The introduction of automated vehicles could dramatically change the way we interact with all forms of transport, particularly if the potential of ‘Mobility as a Service’ is fully realised – or not.The potential impacts that these changes could have on how and where we want to travel will have implications for the infrastructure that we need as a state, in both urban and regional areas. Active transport and how this will be integrated with new types of vehicles is also an important area for us to investigate. Urban planning and infrastructure requirements may change if people live and work in different places or ways due to use of automated vehicles.

  • Energy supply and charging capacity

The type of zero emission technologies that fuel our future vehicles will have specific infrastructure requirements and impacts across the state’s energy network. If all vehicles are electric, the implications for the grid, the need for charging stations and how batteries engage with the network all have flow-on effects for infrastructure. Hydrogen fuel cell vehicles, on the other hand, could have a different set of implications. We also need to consider when and how our behaviour might change as a result of the introduction of these vehicles. Will we still charge or fuel up at stations, or will this be done at home or work? And can our cars act as batteries to provide energy for our homes? The implications of these decisions will help to determine what infrastructure we need to build or change to accommodate a future with zero emissions vehicles.
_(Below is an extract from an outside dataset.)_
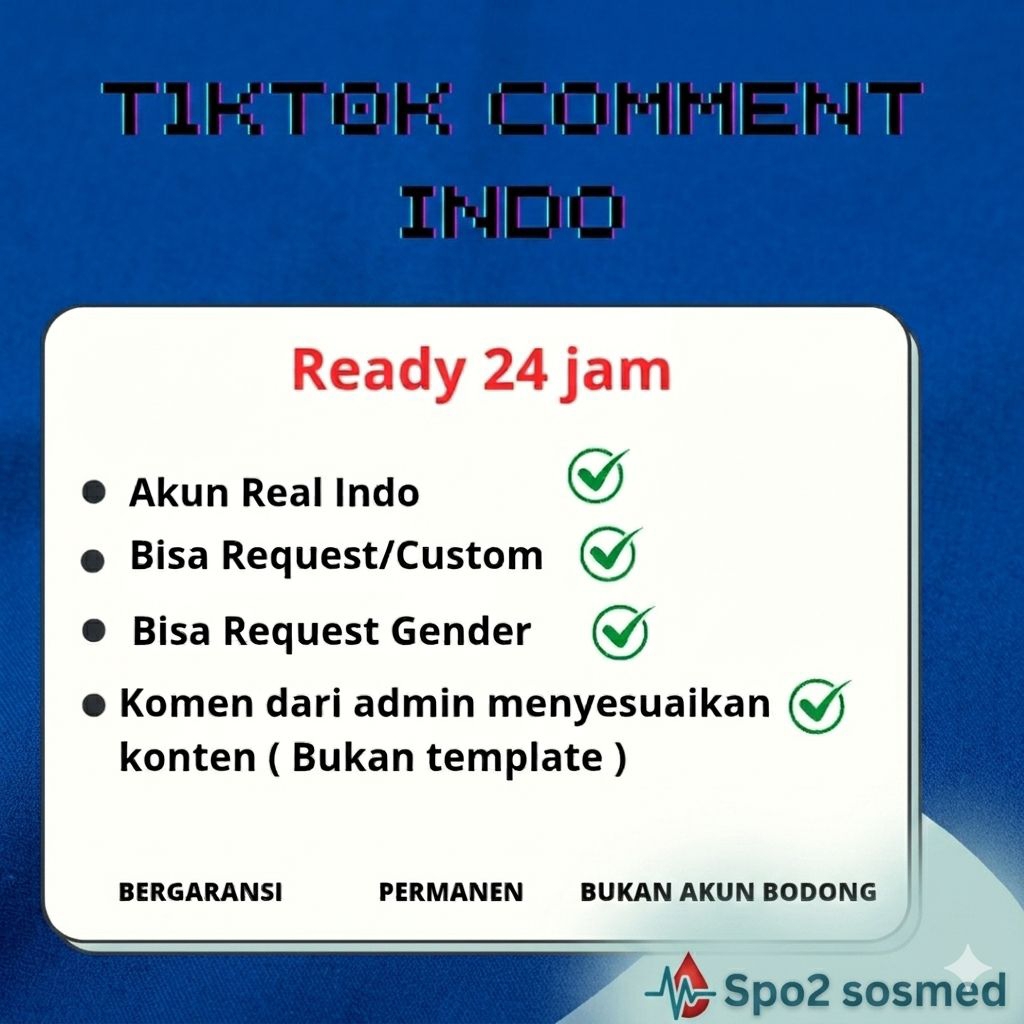 JASA KOMENTAR TIK TOK INDO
  • Public acceptance and government policy

Drivers today are wary of travelling in a fully automated vehicle, car or ride sharing in Victoria is not very common, and we are lagging behind some other countries in adopting zero emissions vehicles. Public attitudes could affect uptake levels, so it is important that we consider how behaviour might change – and when. Whether the government has a role in encouraging the use of automated or zero emission vehicles could have implications for infrastructure, particularly if it affects adoption rates. The rate of uptake also has implications for how the government funds future infrastructure maintenance and investments, and how the economy reacts to these technologies more broadly.

  • Environmental and human health impacts

Zero emission vehicles can make a contribution to achieving carbon emission reduction targets. But what will be the extent of this contribution, what will be the source of the generated electricity and will it be stored in batteries or hydrogen fuel cells? The environmental impacts of automated and zero emission vehicles over their entire lifecycle, with different possible uses and technologies, requires consideration. Automated vehicles have the potential to reduce road injuries and deaths. But to what level and what transitional safety issues might we face with a mixed fleet of vehicles? As air and noise pollution from vehicles have effects on human health, the contribution that zero emission vehicles can make to improving health may be important.

  • Economic impacts

Automated and zero emission vehicles, and the infrastructure provided to support their deployment, are likely to have different economic impacts depending on how and when they are rolled out and used. We will seek to understand these economic impacts to inform investment choices and other policy decisions.

  • Social consequences and opportunities

Victoria’s ageing population and those living with a disability are potentially beneficiaries of automated vehicles, which promise increased access to mobility, services and employment. Our work will consider how infrastructure investments and policies can help harness these opportunities while mitigating potential negative consequences.